START Task inputs

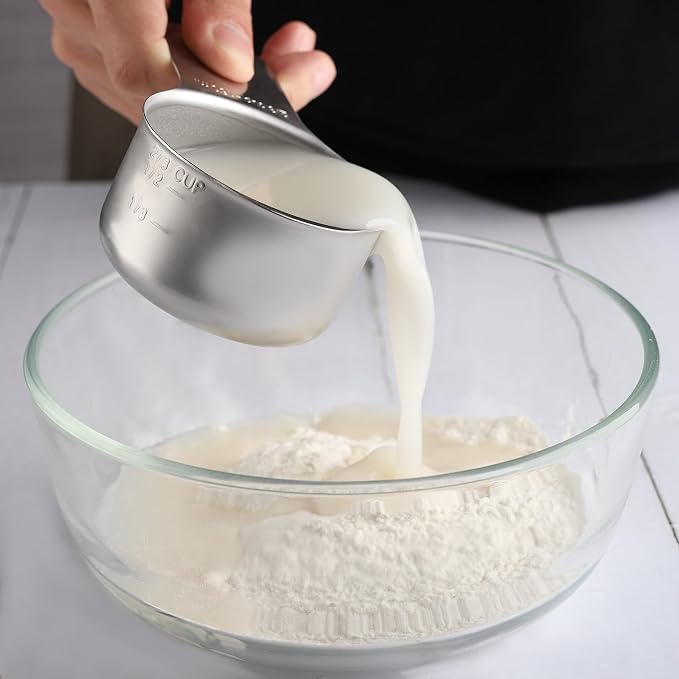 Stainless Steel Measuring Cups Set of 7 Stackable Heavy Duty Measuring Cups - Image 6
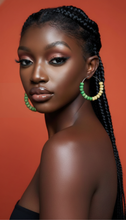 Load image into Gallery viewer, Nigeria Hoop Earrings – Heritage Pride Collection – African Carnival – Cultural Pride Jewelry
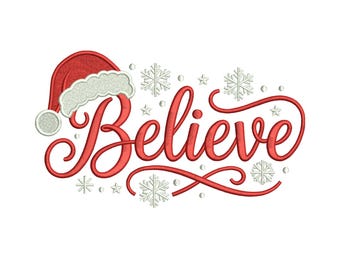 Christmas Believe Embroidery Design, Santa Hat Embroidery, Holiday Machine Embroidery Design, Snowflake Christmas PES DST EXP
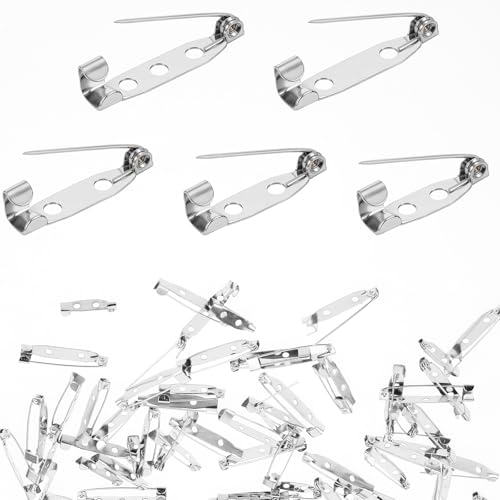 Molain 100 Stück Broschennadeln, Sicherheitsnadeln Metall Brosche Safety Pin Bar Pins mit Löchern für die Schmuckherstellung Namensschilder und DIY Handwerk 5 Größen von Molain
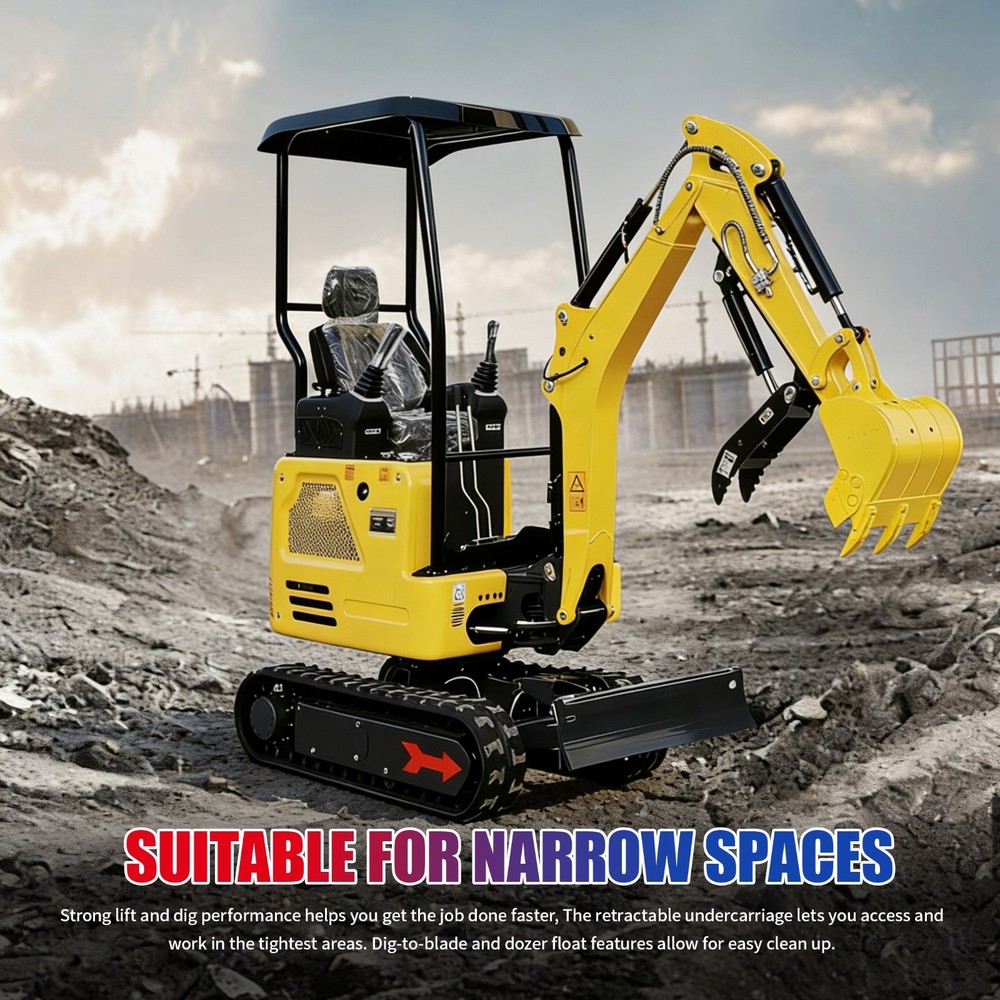 1.8 Ton Mini Excavator Rubber Track with Kubota Diesel With Side Swing Boom USA
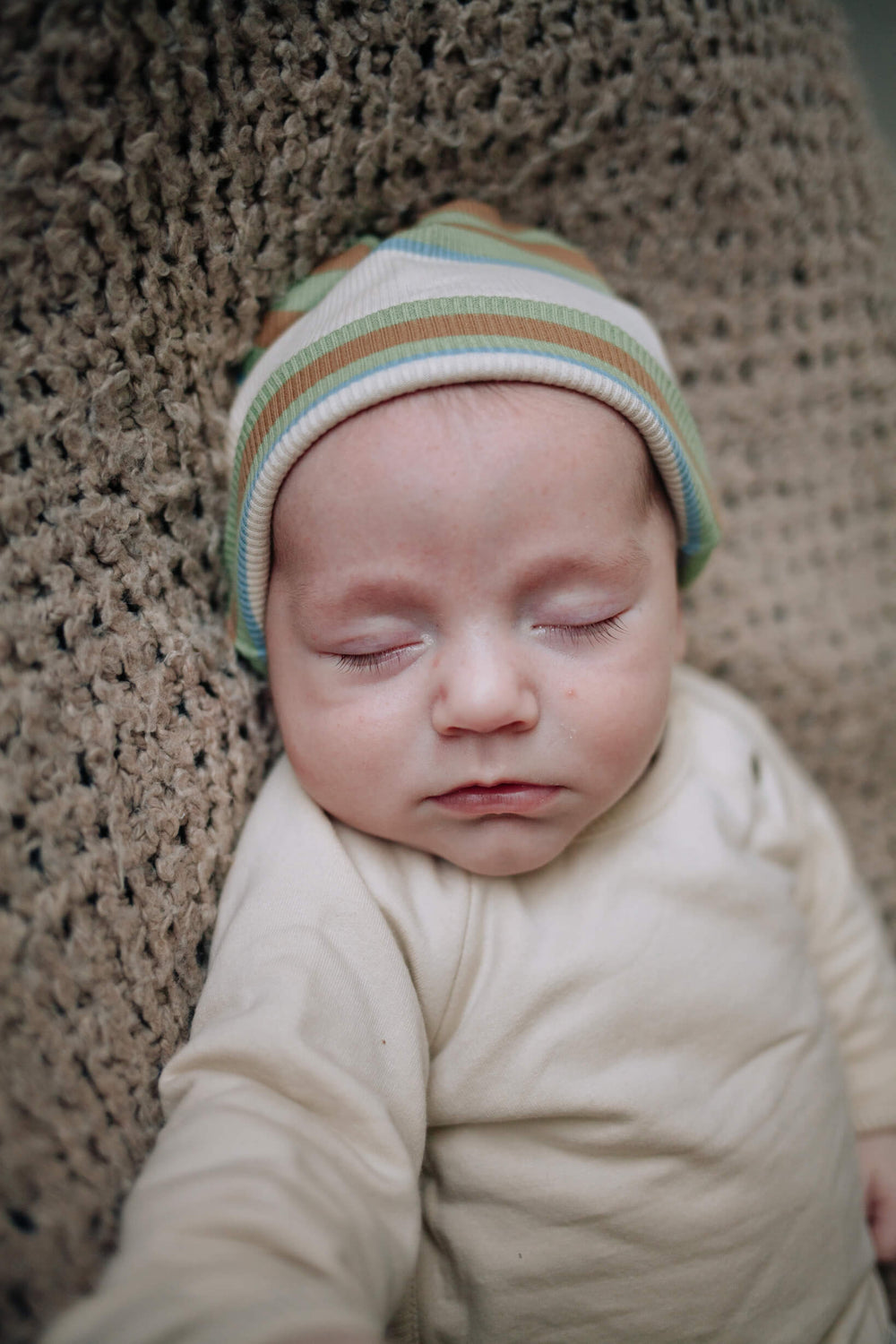 Riffle Hat Bowie Rib Stripe Green Newborn Mutsje Multicolor 2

END Task inputs

• _What the task asks_
Every line above in the stretch from the one with "Load image into" through the one with "1.8 Ton Mini" is to be transcribed exactly, ends included. No picture is copied.

• _The answer_
 Load image into Gallery viewer, Nigeria Hoop Earrings – Heritage Pride Collection – African Carnival – Cultural Pride Jewelry
 Christmas Believe Embroidery Design, Santa Hat Embroidery, Holiday Machine Embroidery Design, Snowflake Christmas PES DST EXP
 Molain 100 Stück Broschennadeln, Sicherheitsnadeln Metall Brosche Safety Pin Bar Pins mit Löchern für die Schmuckherstellung Namensschilder und DIY Handwerk 5 Größen von Molain
 1.8 Ton Mini Excavator Rubber Track with Kubota Diesel With Side Swing Boom USA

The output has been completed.